To simulate the rogue Crawlers, you must discover the hidden paths on the website. Read the blog posts – they contain clues. Disallow these in Website-Files/robots.txt and run malicious-crawler.

Inspect the output in Lab-Files. What is the token?

  1. I have created the robots.txt file since I understand that malicious-crawler goes expressedly there.
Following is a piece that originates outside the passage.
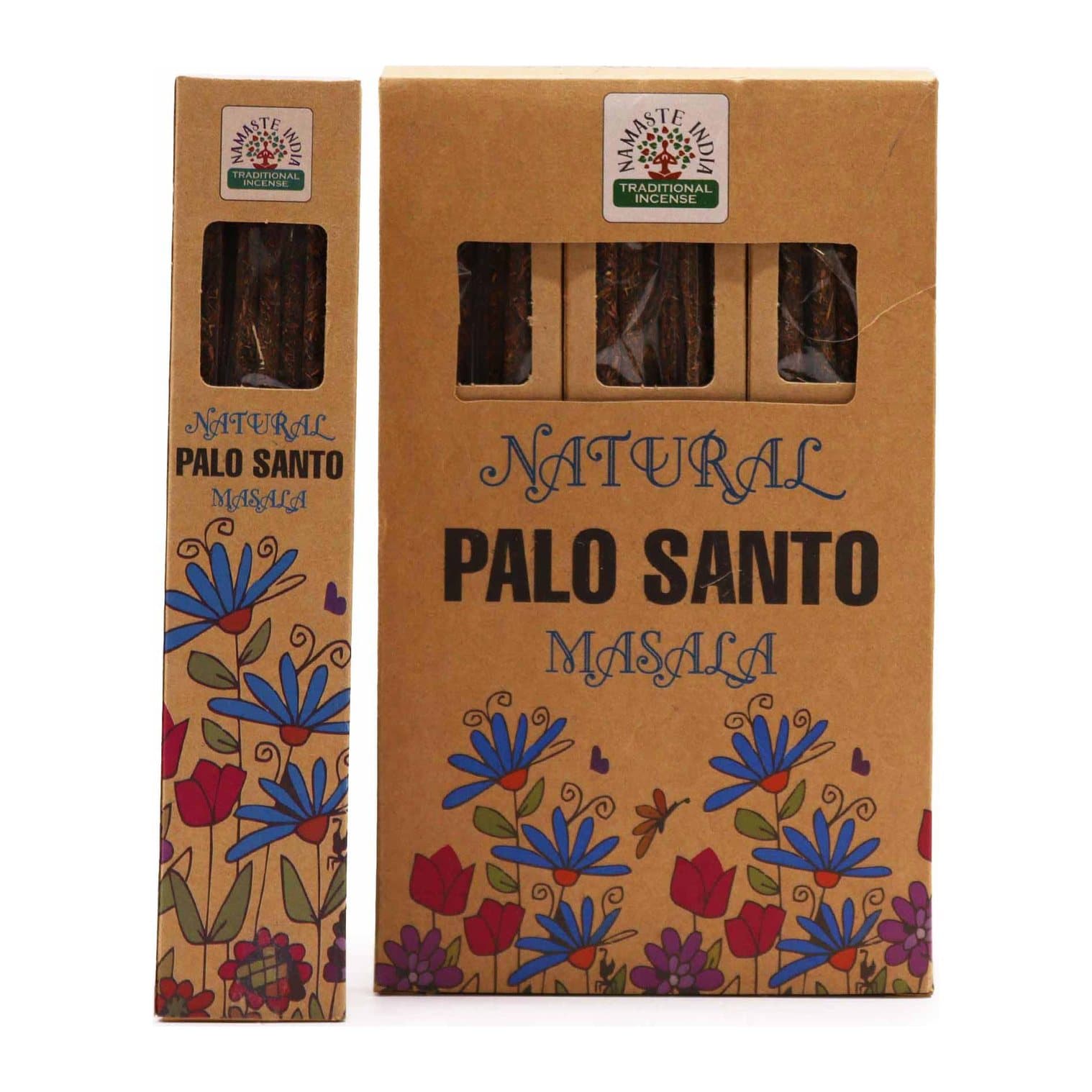 Palo Santo masala incense sticks, Pack of 2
My robots.txt contains all url's I can imagin

Disallow: /secret
Disallow: /treat
Disallow: /hidden
Disallow: /crypt
Disallow: /warden
Disallow: /rituals
Disallow: /witch-secrets
Disallow: /admin
Disallow: /vault
Disallow: /uncover
Disallow: /post1
Disallow: /post2
Disallow: /post3
Disallow: /post4
Disallow: /contact
Disallow: /drafts/rituals

But the result of malicious-crawler.txt doesn't give me either a token nor a hint

  • I have curl-ed all pages looking for words as token and nothing.
  • I have found some key words in http://127.0.0.1:3000/witch-secrets as intercepted-incantations, decoded them and nothing.
  • I have searched in spider-sigthings.log what hapened at 3.00 am but nothing

Can someone gime me a hint?

6 Replies

  • You've blocked too much. e.g. the posts (mistyped url in your list btw) should be allowed.
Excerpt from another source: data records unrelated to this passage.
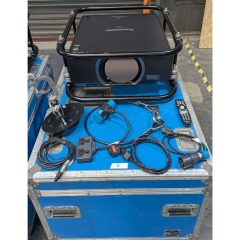 Used Panasonic PT-DZ13K Projector for sale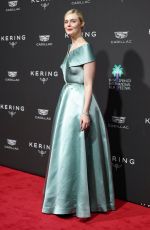 ELLE FANNING at 37th Annual Palm Springs International Film Festival Film Awards in Palm Springs 01/03/2026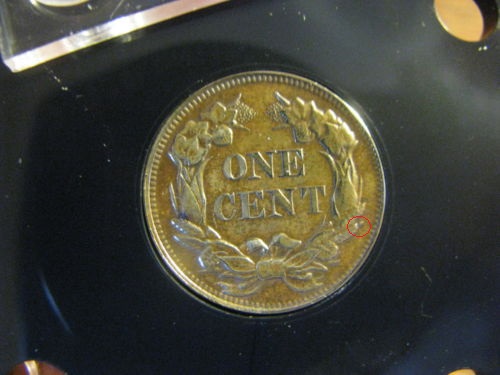 Counterfeit-1857-And-1858-Flying-Eagles,-1909-S-Indian-Cent?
    if you're completely stuck try this script :)

    cd ~/Desktop
    # get all URLS
    malicious-crawler
    legitimate-crawler
    
    # give em some time
    sleep 5
     
    #fetch entries from legitimate crawlers :)
    mkdir archive
    URLS=`cat Lab-Files/legitimate-crawler.txt   | awk '{print $4}' | grep http`
    for URL in $URLS; do
     let i=i+1
     curl $URL > archive/$i
    done
     
    #get bold links from website content (later URLs)
    grep -ohP  '(?<=<i>).*?(?=</i>)' archive/* > /tmp/spidered
    #remove old stuff
    rm archive/*
    
    
    #compile some stuff we've found
    cat Lab-Files/spider-sightings.log | awk '{print $7}' | sed 's/^\///g' >> /tmp/spidered
    cat /tmp/spidered | sort | uniq | egrep -v "^$|blog.*|about|contact" > /tmp/uniqlist
    
    
    # now check for valid URLs
    true > /tmp/valid-urls
    LIST=`cat /tmp/uniqlist`
    for L in $LIST; do 
    	if curl -o /dev/null -s --head --fail http://127.0.0.1:3000/$L; then
        	echo $L >> /tmp/valid-urls
    	fi
    done
    
    
    #final disallow list :)
    echo "User-agent: *" >  Website-Files/robots.txt
    cat /tmp/valid-urls | awk '{print "Disallow:/"$1'} >> Website-Files/robots.txt
    
    #now run the crawlers and get the token
    malicious-crawler
    legitimate-crawler
    
    # give em some time :)
    sleep 5
    
    grep token Lab-Files/*

     

  • I don't think it tells you to disallow the blog posts themselves.

  • You might want to look through the pages again and really think some of those paths through... Might be an order to what you're given that you need to check

  • Hi all. Did anyone managed to solve Q4: Inspect the output in Lab-Files. What is the token?

    Checked all the output txt files in Lab-Files folder but could not find anything. Any hints?

  • Hi all. Did anyone managed to solve Q4: Inspect the output in Lab-Files. What is the token?

    Checked all the output txt files in Lab-Files folder but could not find anything. Any hint?